- [YOUR OBJECTIVE]: Below, some lines carry pictures; leave those pictures out and retype exactly the lines from the one with "istock First person" through the one with "SRF 1-Logo aus".

- [ENTRIES SHOWN]:
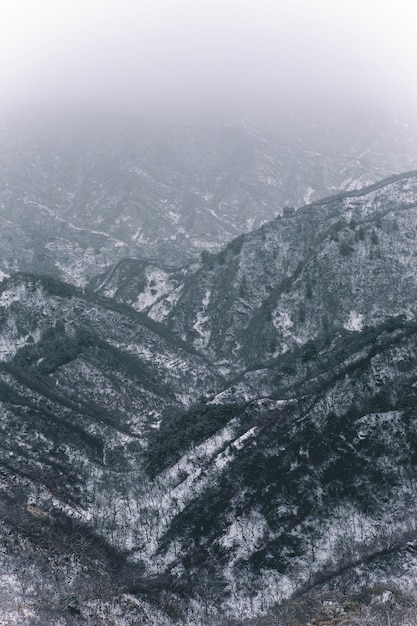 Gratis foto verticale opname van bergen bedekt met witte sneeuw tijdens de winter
==
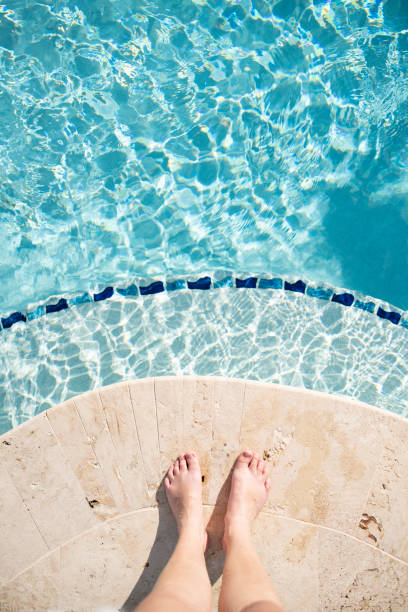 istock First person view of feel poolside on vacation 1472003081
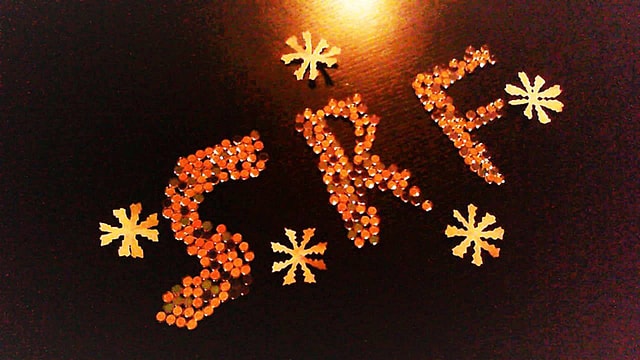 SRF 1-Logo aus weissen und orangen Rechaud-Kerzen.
==
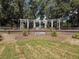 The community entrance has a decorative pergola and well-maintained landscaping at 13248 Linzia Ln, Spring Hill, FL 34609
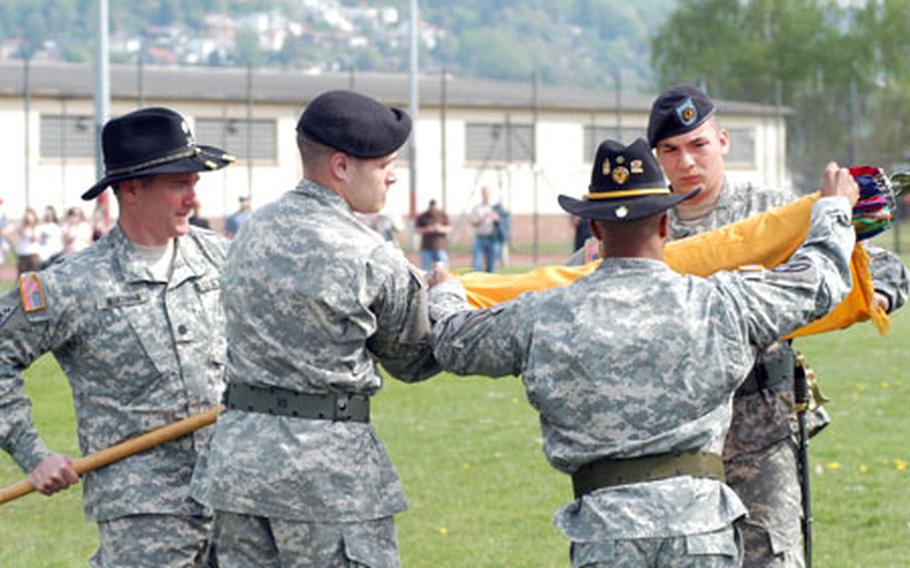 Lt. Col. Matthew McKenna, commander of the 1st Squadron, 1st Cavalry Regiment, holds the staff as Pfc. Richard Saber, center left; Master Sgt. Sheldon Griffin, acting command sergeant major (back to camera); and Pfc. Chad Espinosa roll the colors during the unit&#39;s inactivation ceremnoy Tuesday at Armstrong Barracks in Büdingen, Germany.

- [TASK OUTPUT]:
 istock First person view of feel poolside on vacation 1472003081
 SRF 1-Logo aus weissen und orangen Rechaud-Kerzen.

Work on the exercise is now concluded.